The number of homes closed increased 1% year over year to 6,860. Home closings grew across most of the operating regions served (barring Southeast, Midwest and Texas). Average selling price of homes delivered was $446,000, up 4% year over year.
Importantly, its backlog — which represents orders yet to be closed — was 15,158, up 44% year over year. In addition, potential housing revenues from backlog increased 49.8% from the prior-year quarter to $6.8 billion.
However, new home orders grew 24% year over year to 7,056 units for the quarter. Home orders were up across all operating regions served. Value of new orders also improved 33% from a year ago to $3.3 billion.
Home sales gross margin was up 220 basis points (bps) year over year to 25% for the quarter. Furthermore, adjusted operating margin expanded 250 bps to 15.3% as adjusted homebuilding SG&A expenses (as a percentage of home sales revenues) improved 30 bps year over year.
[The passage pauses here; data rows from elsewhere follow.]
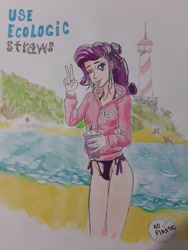 Size: 3000x4000 | Tagged: safe, artist:u_to.01, imported from derpibooru, rarity, human, equestria girls, ;p, beach, bikini, bikini bottom, clothes, complex background, drink, female, hoodie, lighthouse, one eye closed, peace sign, pier, solo, swimsuit, tongue out, traditional art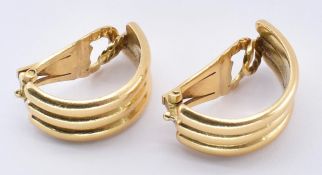 PAIR 18CT GOLD ZOLOTAS CLIP HOOP EARRINGS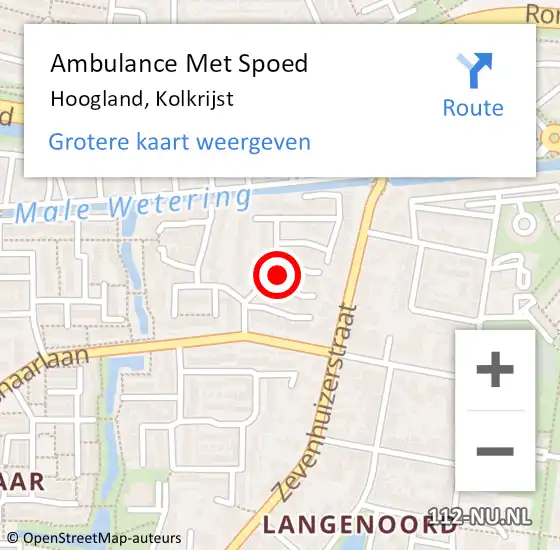 Locatie op kaart van de 112 melding: Ambulance Met Spoed Naar Hoogland, Kolkrijst op 6 juni 2018 19:25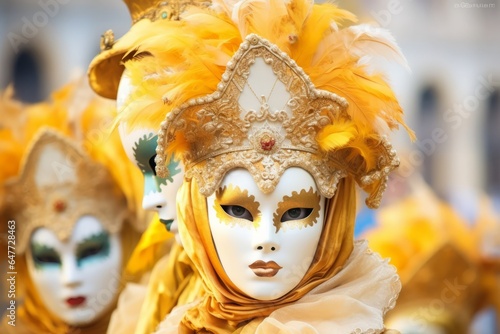 Close-up photo of a two people wearing colourful venetian masks in Venice, Italy - Created with Generative AI technology © AI Visual Vault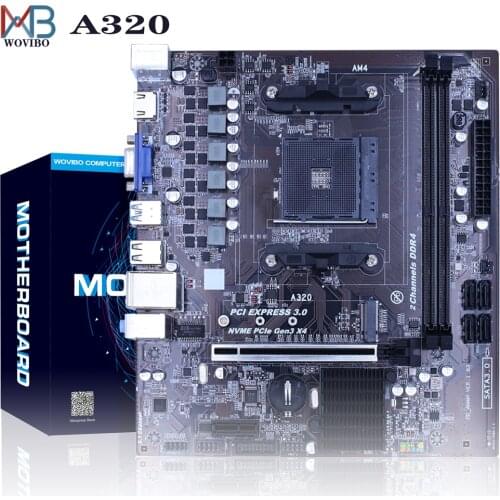 AMD A320 Motherboard AM4 Socket For Ryzen 5 3500 3600 cpu USB 3.0 SATA III M.2 NVME DDR4 Memory AM4 A320V Computer Mainboard
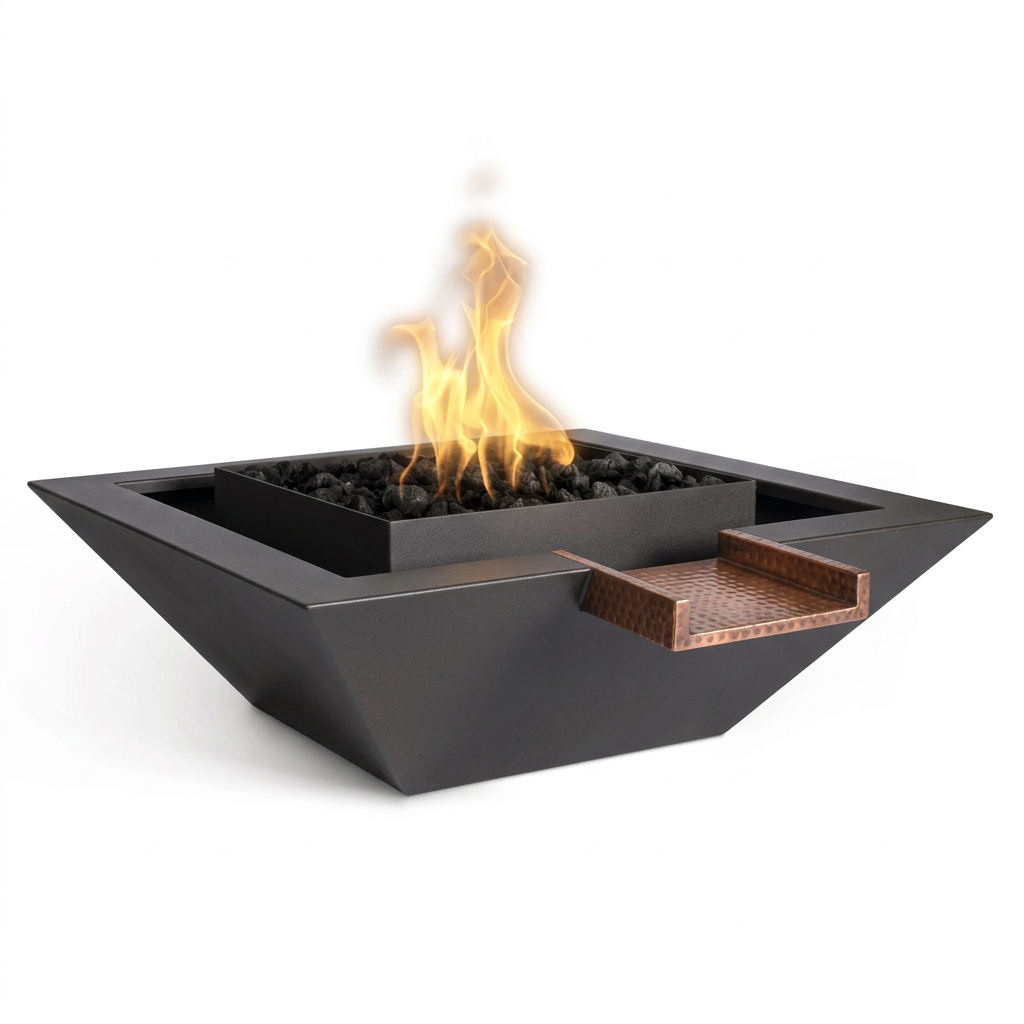 Maya Gravity Spill bowl in Empire Bronze with its original copper scupper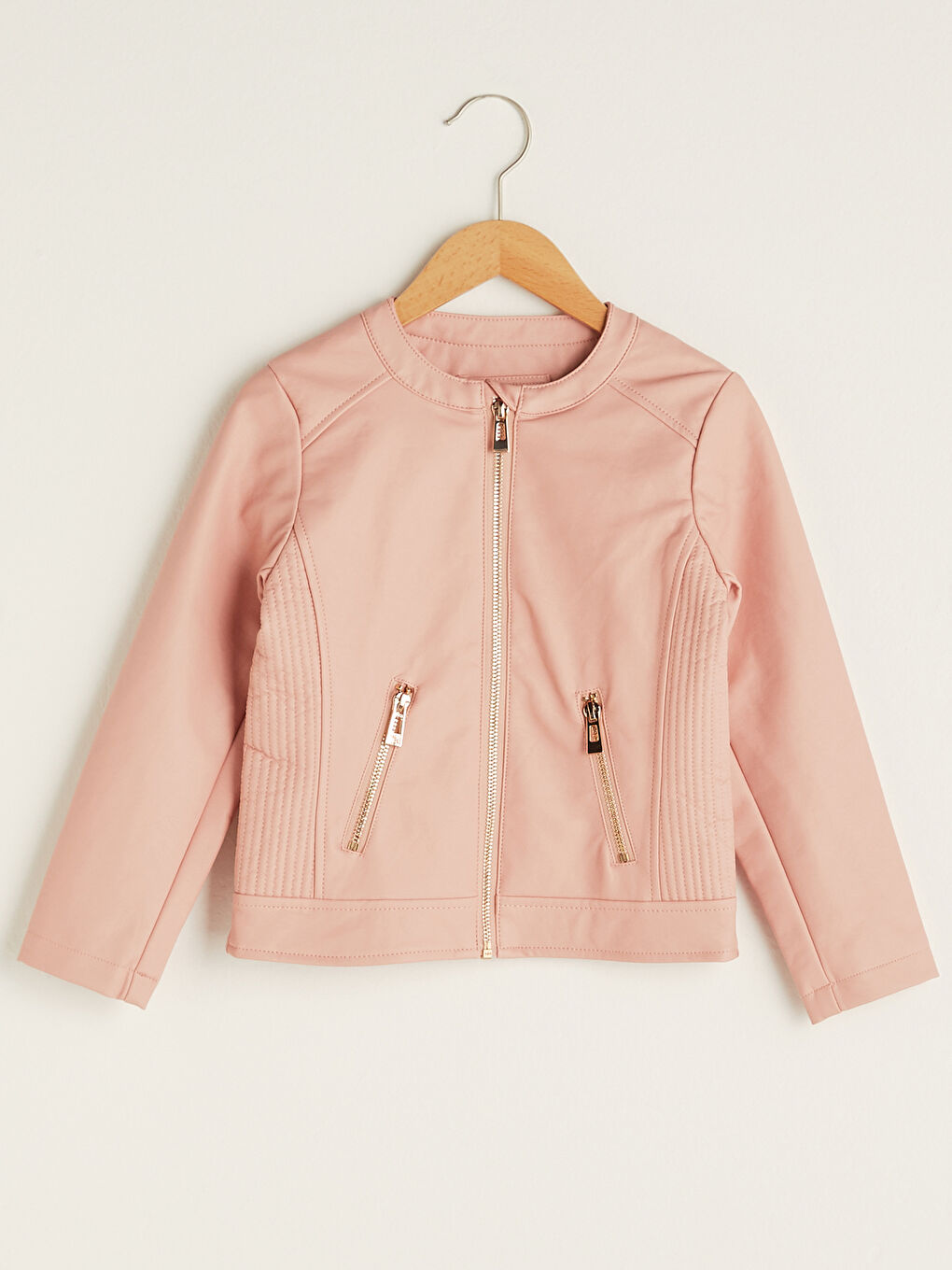 Pembe Bisiklet Yaka Deri Görünümlü Kız Çocuk Ceket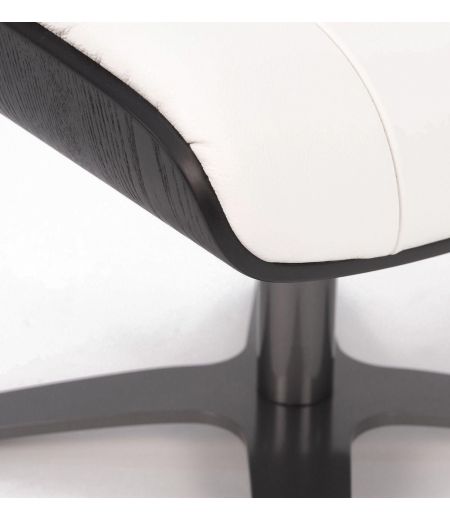 Puf de piel y roble negro - Vega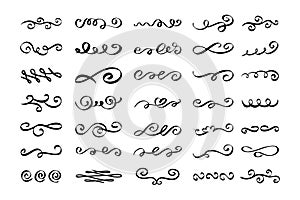 Vintage flourishes, swirls, curls, scrolls set. Calligraphic doodle design elements. Hand drawn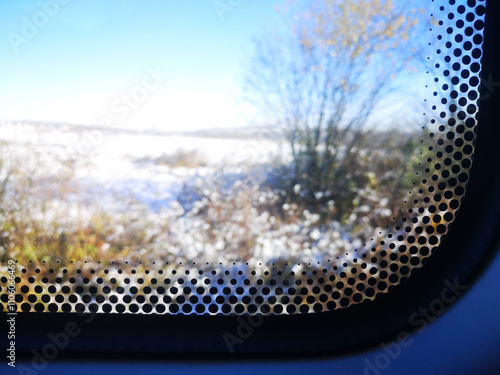 train window with dots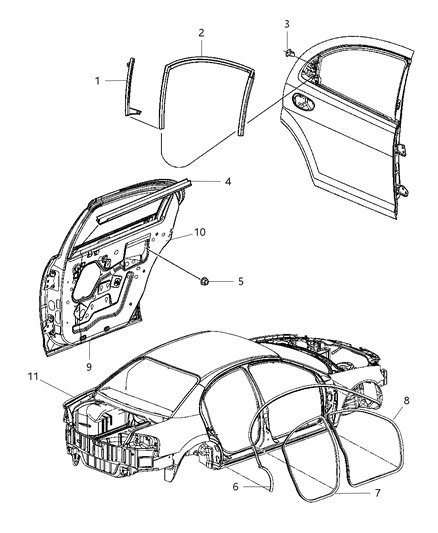 2006 Chrysler Sebring Weatherstrips - Rear Door Diagram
Revenues from the Financial Services segment improved 51.8% year over year to $105.9 million. The segment generated a pre-tax income of $43 million, up 26.5% from a year ago.
As of Dec 31, 2020, cash and cash equivalents were $2.58 billion, up from $1.22 billion at 2019-end. Debt to total capital of 29.5% at 2020-end was down from 33.6% at 2019-end. In 2020, the company repurchased 4.5 million common shares, or approximately 2% of outstanding shares, for $171 million, or an average price of $37.58 per share.
How Have Estimates Been Moving Since Then?
It turns out, fresh estimates flatlined during the past month.
At this time, PulteGroup has a great Growth Score of A, though it is lagging a bit on the Momentum Score front with a B. Charting a somewhat similar path, the stock was allocated a grade of A on the value side, putting it in the top quintile for this investment strategy.
Overall, the stock has an aggregate VGM Score of A. If you aren't focused on one strategy, this score is the one you should be interested in.
PulteGroup has a Zacks Rank #3 (Hold). We expect an in-line return from the stock in the next few months.